NEW YORK — At their annual analyst meeting today in New York last week ConocoPhillips’ senior leadership team outlined the compny’s strategic objectives and operating plans for 2009, and explained how the company will maximize the value of its asset portfolio in a challenging economic and political environment.
“While we have adjusted to the near-term environment, we have not altered our long-term view. ConocoPhillips is a self-sustaining and competitive international, integrated energy company with a high-quality asset base, strong operating expertise and substantial financial capabilities,” said Jim Mulva, chairman and chief executive officer. “We responded aggressively to the current industry operating environment by adjusting our operational plans and capital program, implementing cost reductions and enhancing our focus on maintaining our balance sheet strength and flexibility.
“Over the last decade, we have executed a number of key strategic transactions that increased our scale and operational capabilities, and have invested $73 billion in organic growth. These steps created a company with more than 50 billion equivalent barrels of resources and 3 million barrels per day of refining capacity, including our LUKOIL investment, that is well-positioned to provide growth and significant value creation as the economy improves.”
Mulva reaffirmed that ConocoPhillips will fund a capital program of $12.5 billion in 2009, which while lower than 2008, essentially equals the company’s four-year average level of investment. The program is structured to continue funding those projects in the company’s opportunity portfolio that offer the most significant growth and development potential.
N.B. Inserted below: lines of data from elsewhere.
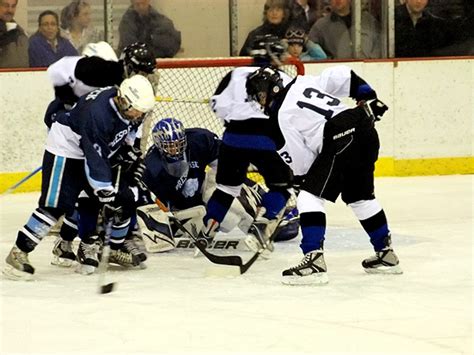 Blackhawks Are Having Best Ice Hockey Season Ever, 8-0 And Houlton Hodgdon Maine High School ...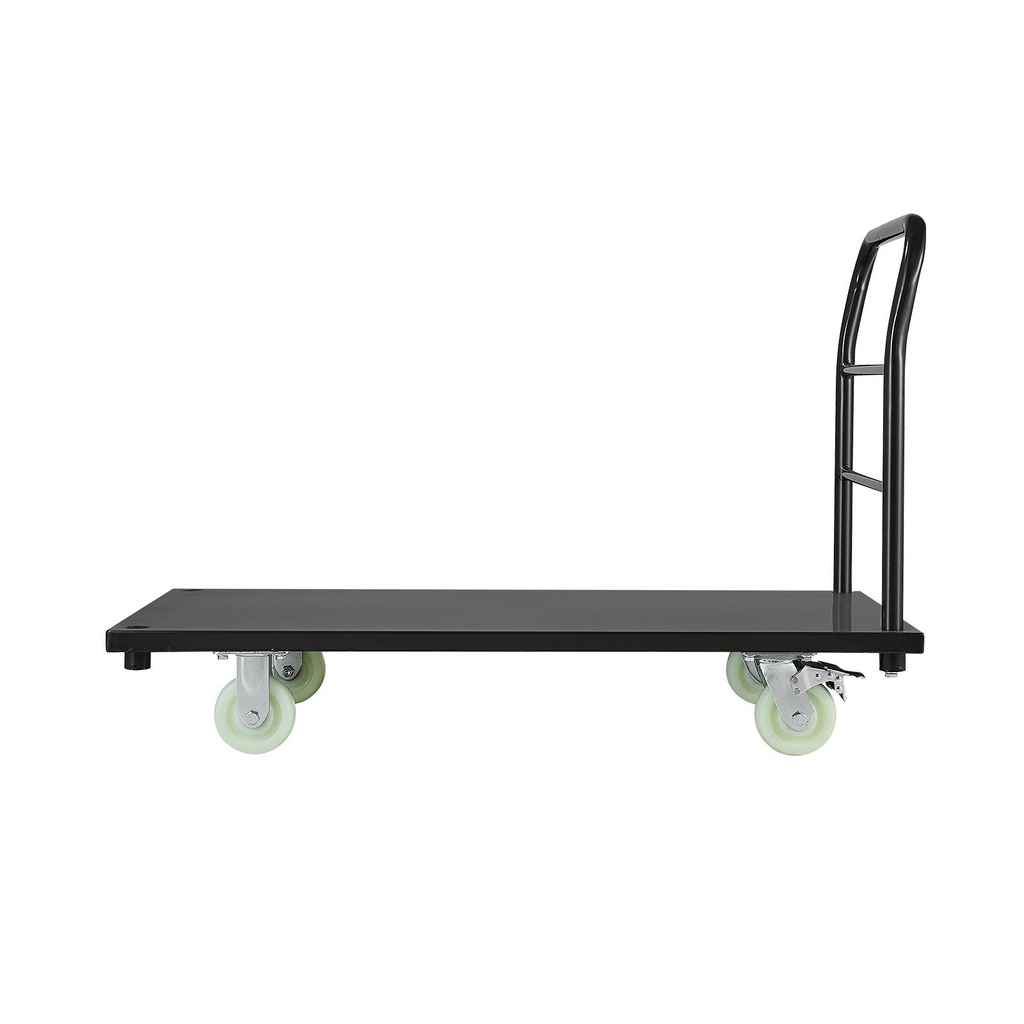 CARRITO de plataforma resistente, capacidad de 2000 lb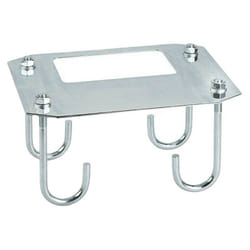 Faac - Piastra di fondo in metallo 4 tiranti per corpo barriera B614 490183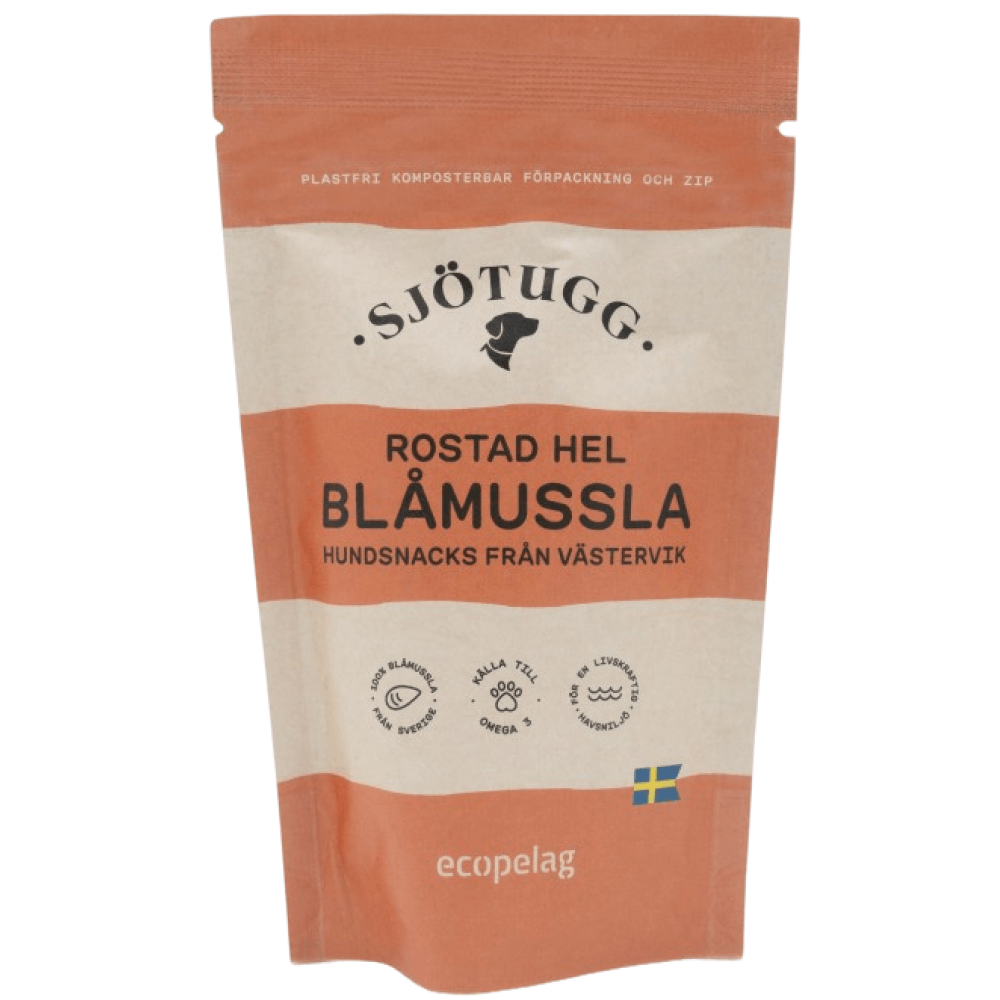 productImage: Hundsnacks Rostad Mussla 60 G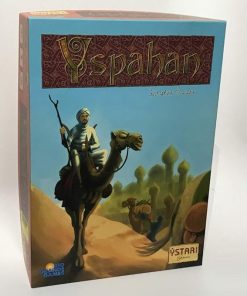 Yspahan Board Game by Rio Grande Games – Strategy and Fun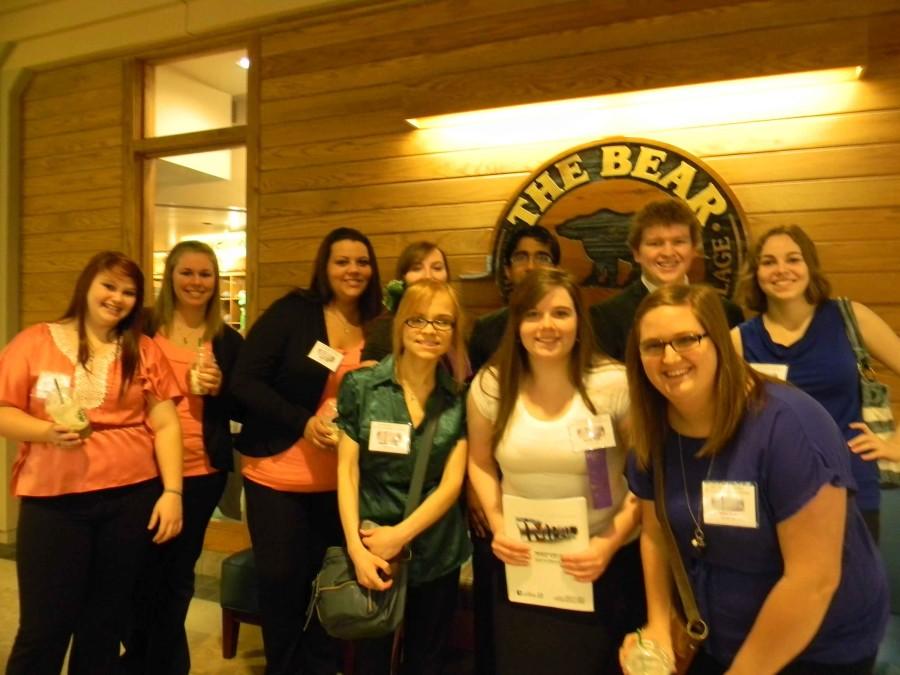 10 MHS students attend HOSA conference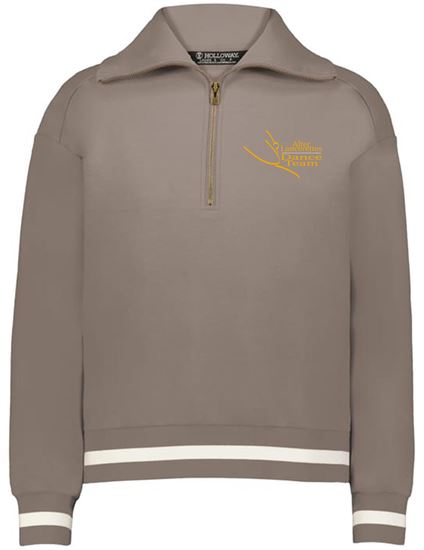 Picture of Alter Lancerettes -  Ladies -  Heavy Weight Heritage Prep Pullover by Holloway 223782 - Mink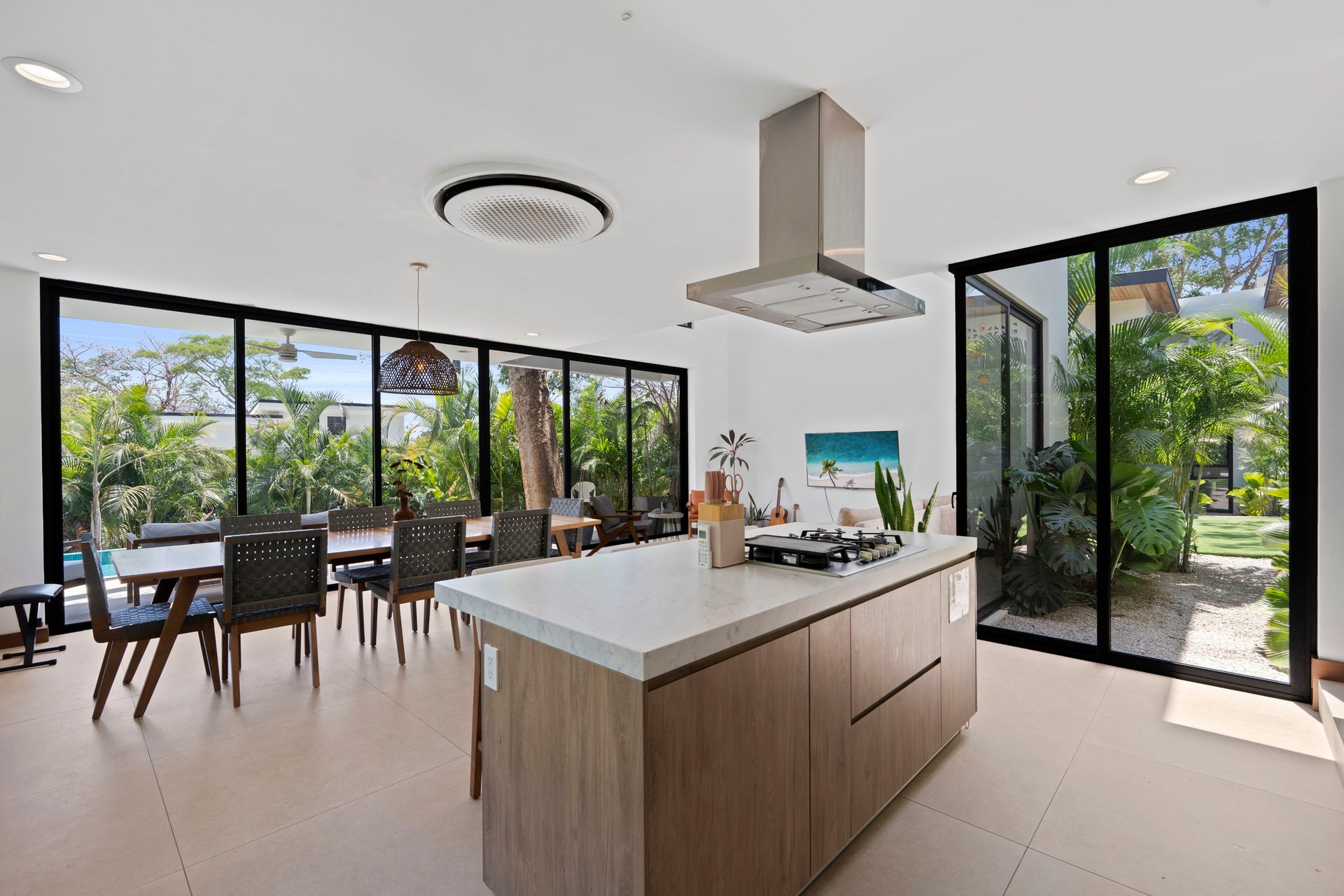 Grande Salvaje Estate (house 1 & 2) | 2 Modern homes, just steps to the famous surf break in Playa Grande!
In its Exploration and Production (E&P) segment, the company outlined plans to focus on operational excellence, maximize the value of existing assets through exploitation, and deliver a number of major growth projects. The latter initiatives include the Qatargas 3 LNG venture, the Bohai Bay Phase II oil projects, several Canadian oil sands projects, the Kashagan oil field, the Shah sour gas development in Abu Dhabi, and planned coal bed methane-to-LNG production in Australia. E&P expects to prioritize its remaining investment opportunities in its resource-rich, well-balanced portfolio. The company holds 10 billion barrels of proved reserves at year-end 2008 as well as leading positions in both natural gas production and heavy-oil acreage in North America, a legacy asset position in the North Sea, and strong growth prospects in the Asia Pacific, Russia and Caspian, and Middle East regions. Major near- and long-term drilling and development projects are under way in all these regions. ConocoPhillips also expects to apply advanced technology to unlock additional value.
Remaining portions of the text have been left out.